Modelling invasion success as a function of phylogenetic and functional distance.
To test whether phylogenetic distance predicted invasion success, we asked how mean phylogenetic distance (MPD) and nearest taxon phylogenetic distance (NTD) affected our two measures of invasion success by means of generalized linear mixed models (BPMM, hereafter). We built the models in the R packages MCMCglmm (Hadfield 2010) and BRMS (Bürkner 2017), which implement Bayesian generalized linear mixed models by means of a Markov chain Monte Carlo process.
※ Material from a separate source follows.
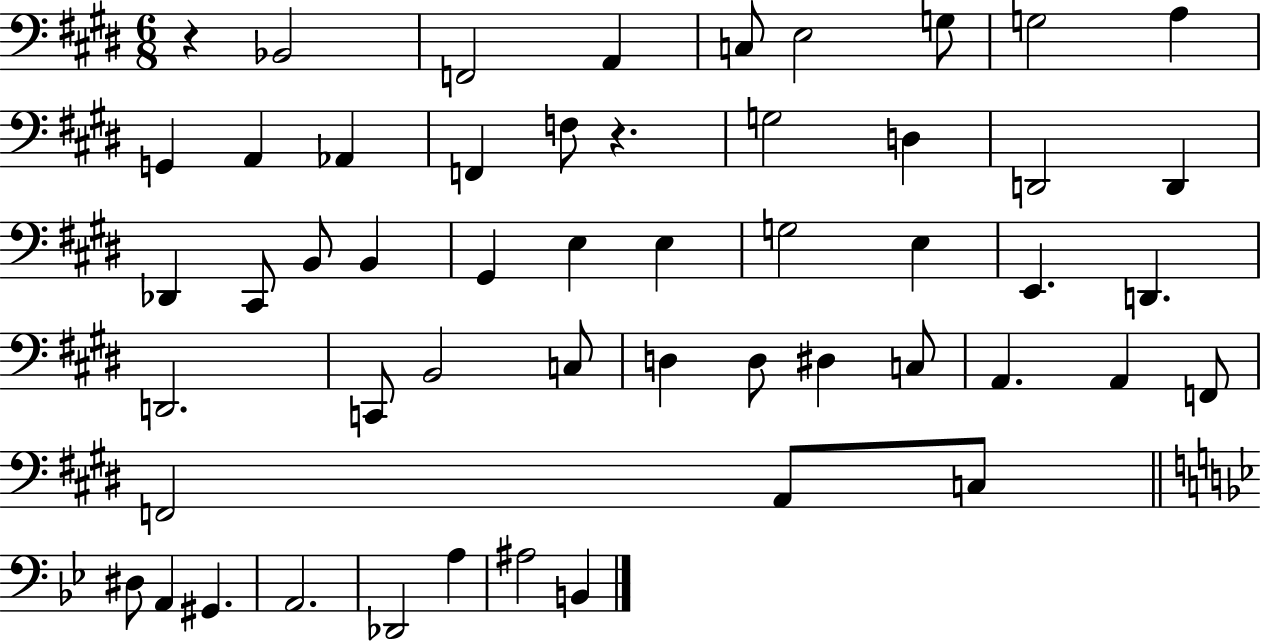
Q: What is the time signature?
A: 6/8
To test whether phylogenetic distance influenced the likelihood that the exotic occurred in a community, the occurrence of exotic species was modelled by means of BPMMs with binomial distribution and logit link, including either MPD or NTD (or related abundance-weighted metrics and metrics based on functional distances) as fixed predictor and study site, species (as some species occurred in more than one community) and phylogeny as random factors. The inclusion of study site as a random effect was important because it allowed modelling the likelihood that the exotic was present in a community to be evaluated within each study site, ensuring thus that the absence of the invaders did not result from the fact that the species had never been introduced in the region. To test whether phylogenetic distance influenced the relative abundance of the invaders within a community, we restricted the analyses to communities with two or more exotic species and used BPMMs with Gaussian structure of errors. The fixed and random effects were the same used to model occurrence with the only difference that study site was replaced by community as random factor. In this way comparisons were made within communities instead of across communities. For each BPMM model we ran two independent runs with 200,000 generations, from which a 10% was discarded as “burn in”. Convergence and good mixing of each of the MCMC chains was assessed visually, plotting the traces of each of the model parameters. We re-ran all models including the interaction between phylogenetic distance and habitat, and the potential confounds of body size and native species richness. Based on a model selection approach, habitat was simplified to two categories according to the degree of human-related alterations: habitats with high levels of alterations (highly and moderately urbanized habitats) and habitats with low levels alterations (little urbanized, rural and natural habitats).
Sampling procedure to study the effect of species richness on phylogenetic distances. We randomly selected pairs of species without replacement for different sample sizes (from 10 to 150 pairs) and extracted the nearest phylogenetic distance from the matrix of phylogenetic distances for the entire avian phylogeny. We repeated the sampling 1,000 times, and represented the results as means and standards errors of the mean. The sampling was conducted for all birds, as well for the subset of species that were introduced in regions outside their native range and those from the subset that became established at least once (data from GAVIA (Dyer et al. 2017)). The approach was also used to show that whether introduced and established species are a non-random subset of all avian species.
Ecological validation of phylogenetic distance. We evaluated the assumption that phylogenetic distance is a good surrogate of functional distance in two ways. First, we used the package “geomorph” (Adams & Otárola-Castillo 2013)to estimate the overall phylogenetic signal by means of a multivariate version of Blomberg’s K (Adams 2014). Major axes of niche variation were described by means of a Principal Coordinates Analysis (PCoA), based on Gower’s generalized distance. Second, we used Mantel correlations to compare phylogenetic distances with functional distances (Mouquet et al. 2012). This analysis was conducted both on the entire dataset and splitting it in the main clades where exotics were represented. Finally, we used a multi-mantel test to test whether, besides describing the resource niche, phylogenetic relatedness also contained information on the degree of similarity in response traits (i.e. relative brain size, resource niche breadth and brood value).